Thursday, March 16, 2006

The Speech

Richter and I notched our first victory as high school coaches in the season opener - barely. 13-12 us. As the game came down to the wire, our innate fire for competition started smoldering and we found ourselves feeling much as we do during the club season, with a game on the line and nothing going through our heads other than the desire to win. And, sometimes, looking for an opponent to toss around.

We're far from the calm, collected, preternaturally machinal coaching robots embodied in my roommate Whit or Ben Wiggins or Billy Rodriguez, three excellent coaches. We invite the emotion, the rage, the desire, and let it course through us. So now, being handed the reigns to a fun high school team and faced with the task of breaking them down and reshaping them in our image, I wonder, how can I best motivate them mid-game, as the opponent goes on a run and their young minds struggle to grasp what is happening? How can I fire them up to play their hardest? More importantly, how can I get them to care about their effort as much as I do?

The whole episode, watching the other team come back before the intensity picked up and we finally won, reminded me of a moment in Club nationals '04. It is, still, what I consider a defining moment in leadership under duress for me, and it came courtesy of our captain, Forrest Collins. I remember it as if I were now in the huddle.

The time out was called because we were panicked. Having lost our final pool play game to Furious, we knew our first game on Friday against Pike was a must-win to stave off a pre-quarters match-up. Pike had arrived as an upstart, much improved from the prior year, and had beaten Sockeye in the first round of the tourney.
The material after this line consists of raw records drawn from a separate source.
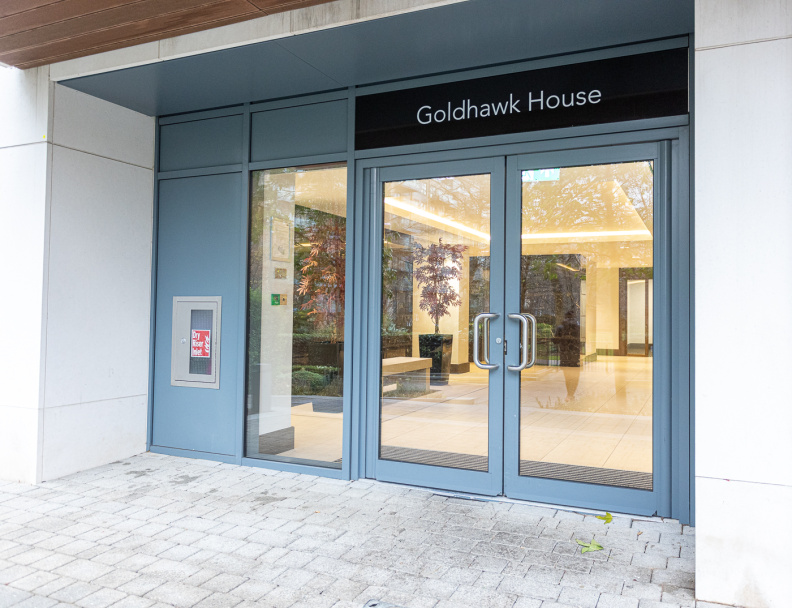 1 bedroom apartments/flats to sale in Beaufort Square, London-image 3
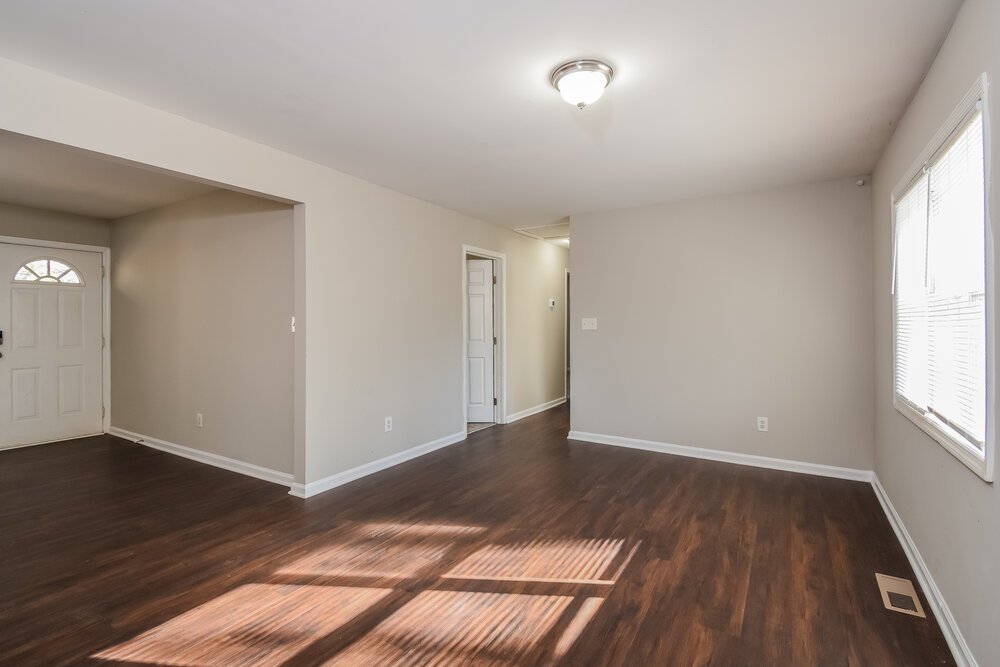 3-Bed Rental on 5734 Amalfi Way photo 5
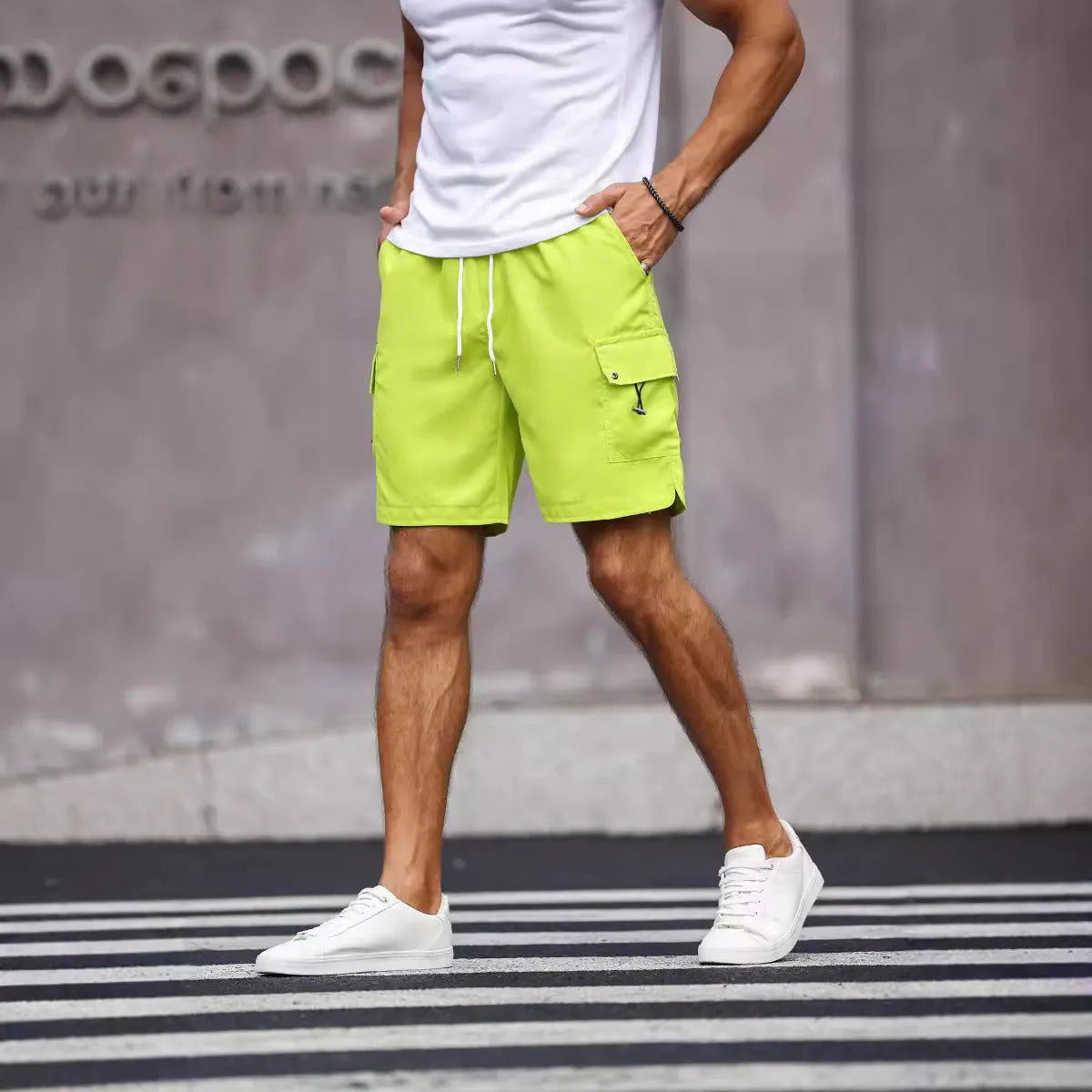 Men's loose fit workwear shorts in cool silk cotton fabric with micro-elastic waistband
Losing to Pike would force a victory over Sockeye to escape the extra game, a win would give us breathing room in case of a three-way tie.

But here we were, after a night of psyching ourselves up and a morning warming up the body and brain, playing our flattest game of the tourney and down deep into the second half 11-7. Even the last score had been hurried, a gurgitation of random cuts that had somehow become our seventh point. We now faced pulling to a team we'd not broken yet and down by four with only a few points left. In some eyes confidence wavered and a defeated complacency took hold, resigning to prequarters. This is what I felt and what I saw in the eyes of my teammates as we placed our arms around each other in a circle and waited for Forrest to speak.

He began. There was confusion at first. Something about visualizing himself writing an email post-nationals. About a come-from-behind win against Jam he had envisioned in his head. Hypothetical sick plays by Jolian. And his realization now that there was no Jam game, there was no hypothetical - this was the game he'd portended, the game we were meant to come back from and win. This was the moment that would define our tournament.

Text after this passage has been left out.